Solheim told Dhanapala that both sides have committed ceasefire violations.  And those violations have damaged the mutual trust Norway had helped to build over the past few years.  Steps should be taken to rebuild the trust.  They discussed in detail the effort that needs to be made.  They also considered the procedures to restart negotiations.

Trust began to erode when the Tigers realized the inability of former Prime Minister Ranil Wickremesinghe to implement the agreements reached in the conference table.  The Tigers pulled out of the talks in April last year and asked Wickremesinghe to complete the implementation.  Karuna’s revolt of March and the role army intelligence played in it further shattered trust between the parties.
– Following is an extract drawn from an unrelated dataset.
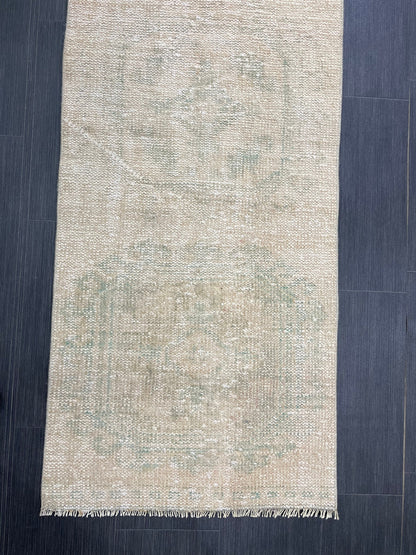Muted Distressed Runner Rug Muted Turkish 2.3 x 10.6 Runner Rug Vintage Runner Rug Muted Hallway Runner Rug Kitchen Runner Rug Wool Runner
Ceasefire violations have risen in number since March.  Attacks and killings have escalated.  The LTTE has accused the government and the army for the attacks on LTTE cadres and the government has blamed the LTTE for killing army intelligence operatives and political opponents.

Last Wednesday’s attack on the LTTE border post at Pullumalai heightened the friction. The Tigers, in a statement, said heavily armed men suspected to be army commandos mounted the attack.  It said the army commandos were assisted by some armed paramilitary cadres.  It said two paramilitary cadres were killed during the counterattack and one of them was identified as Nakulan, a confidant of Karuna.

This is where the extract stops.